»»

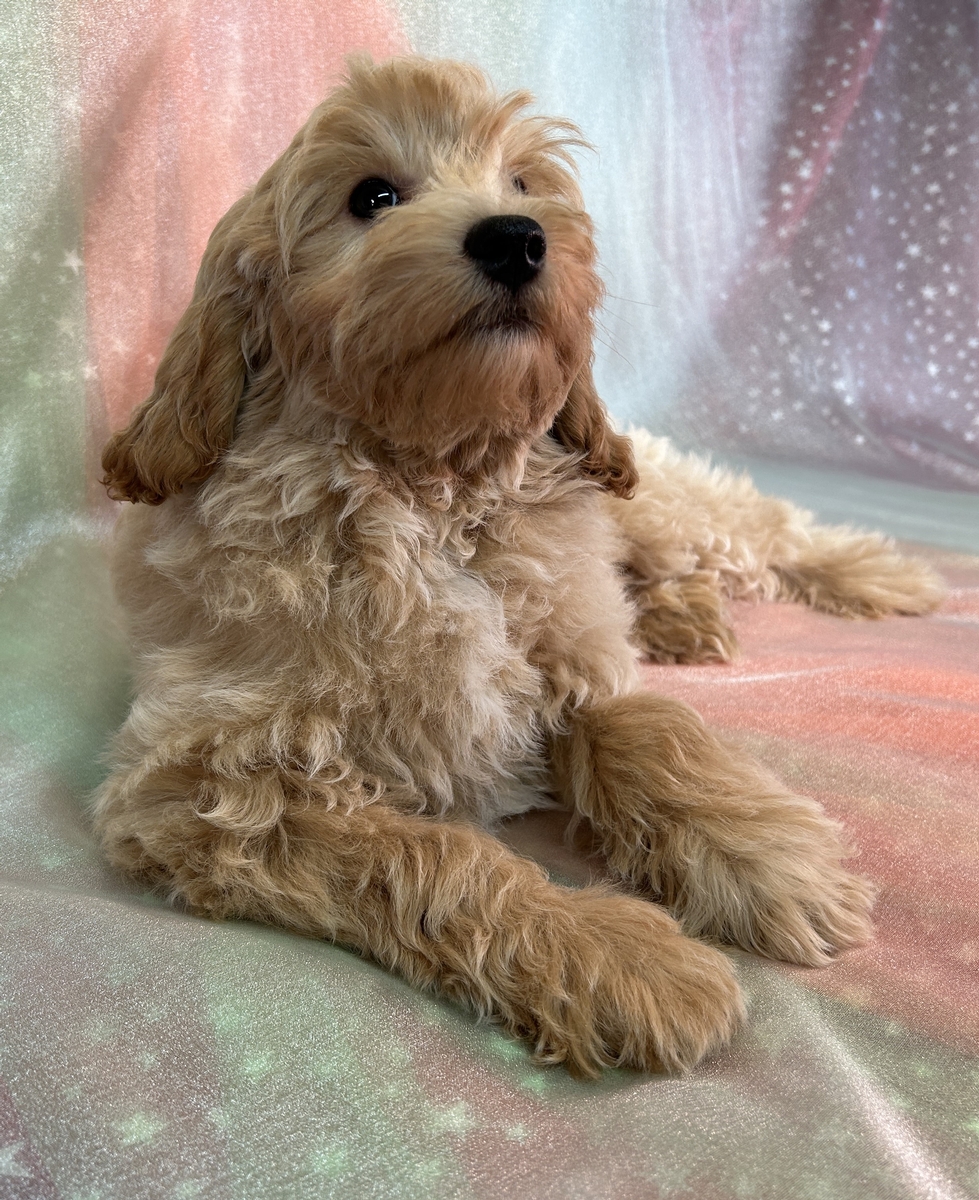 Female Bichon Poodle Puppy for Sale $950 DOB 6-23-2024 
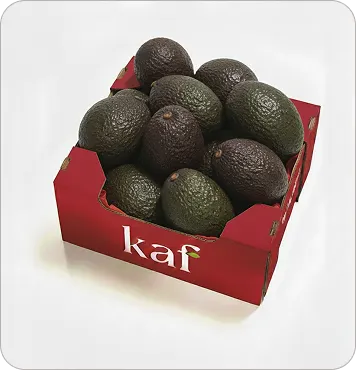 Organic Avocados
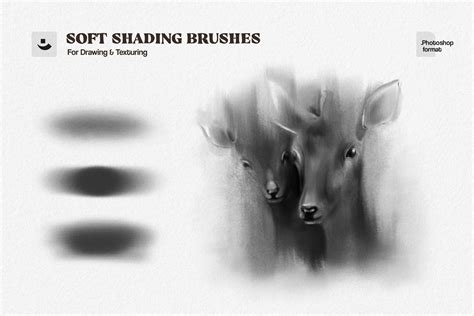Manga & Anime Complete Photoshop Brushes Bundle — Brushapes Studio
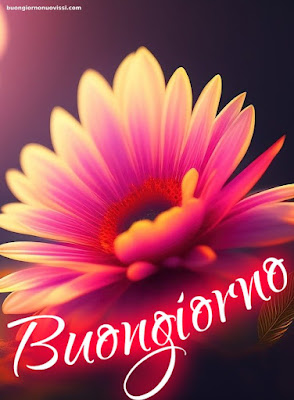 immagini di buongiorno immagini di buongiorno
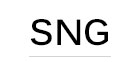 Ssang Yong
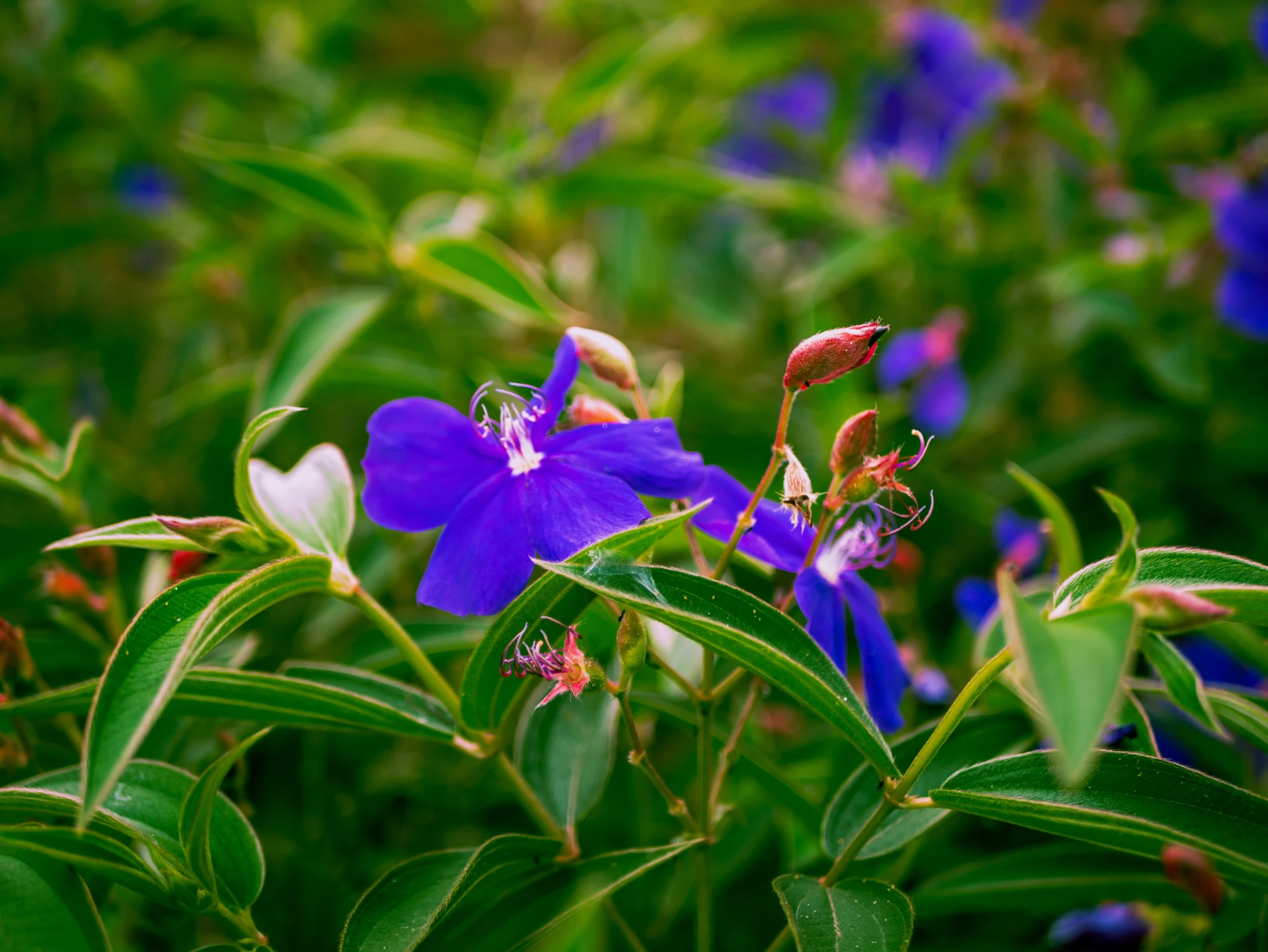 blue flowers with green leaves growing in the background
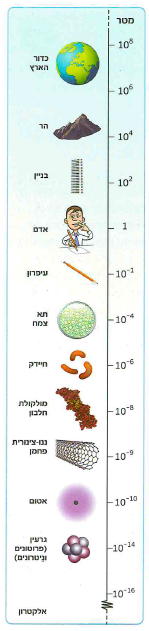 (בספר איור, היעזר במנחה)
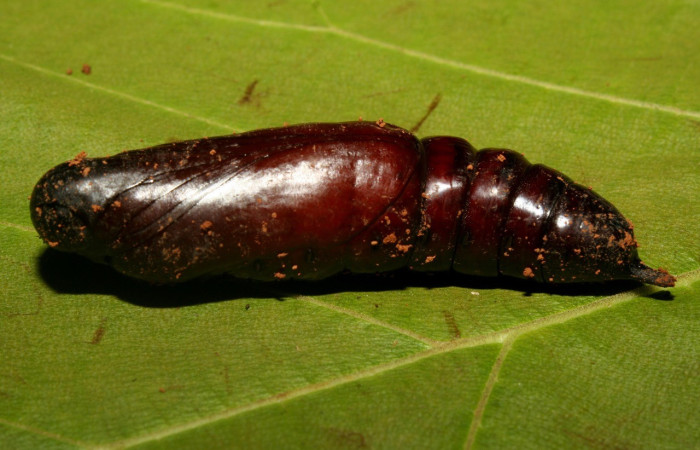  Pupa en posición lateral de <i>Eumorpha</i> obliquusDHJ02 (Sphingidae). Sector Pitilla, Bullas. Voucher: 12-SRNP-70973-DHJ495356.jpg.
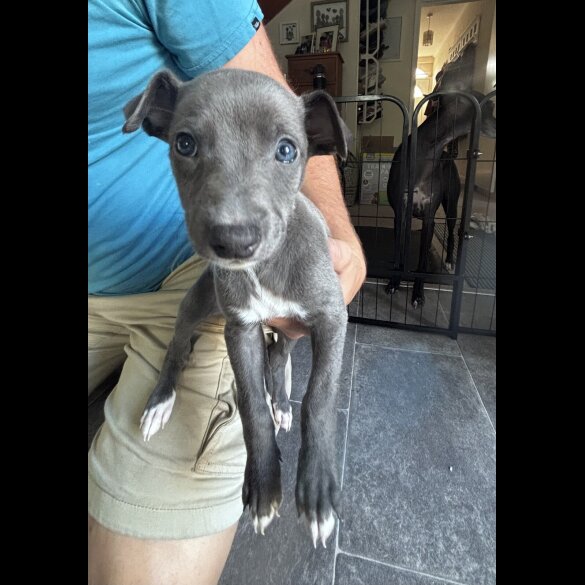 Whippet - Both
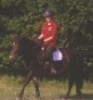 2003
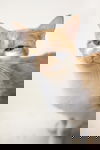 Tangelo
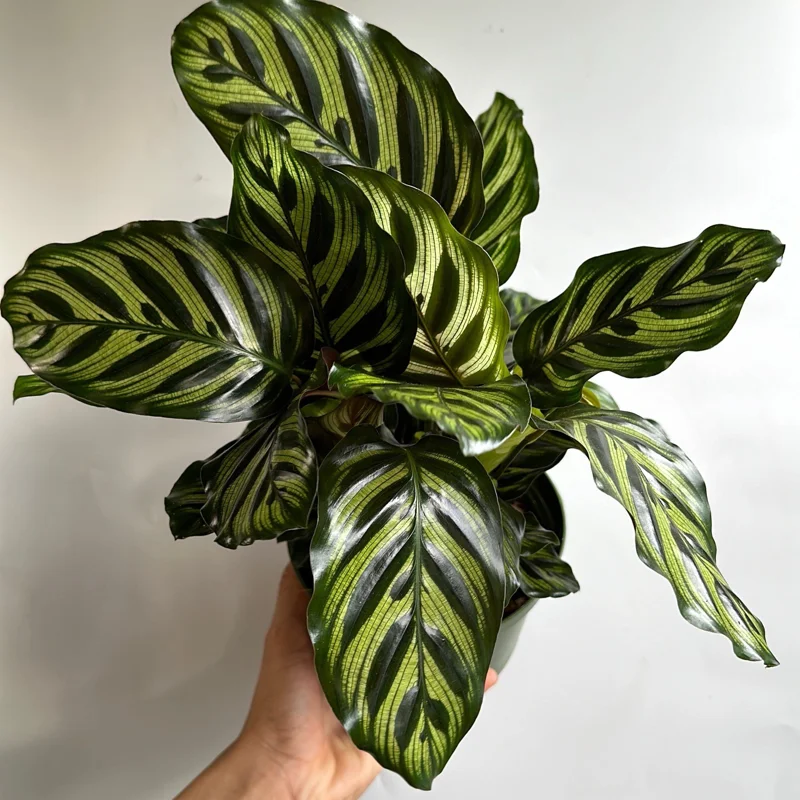 Calathea Makoyana Live Plant – 6 inch Pot – Pet Safe Indoor Houseplant Calathea Makoyana Live Plant – 6 inch Pot – Pet Safe Indoor Houseplant - Image 4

««

=== REQUIRED WORK ===
An exact transcription is requested of each line from the one that holds "Pupa en posición" to the end of the listing above, both boundary lines included; pictures are to be omitted.

=== YOUR RESPONSE ===
  Pupa en posición lateral de <i>Eumorpha</i> obliquusDHJ02 (Sphingidae). Sector Pitilla, Bullas. Voucher: 12-SRNP-70973-DHJ495356.jpg.
 Whippet - Both
 2003
 Tangelo
 Calathea Makoyana Live Plant – 6 inch Pot – Pet Safe Indoor Houseplant Calathea Makoyana Live Plant – 6 inch Pot – Pet Safe Indoor Houseplant - Image 4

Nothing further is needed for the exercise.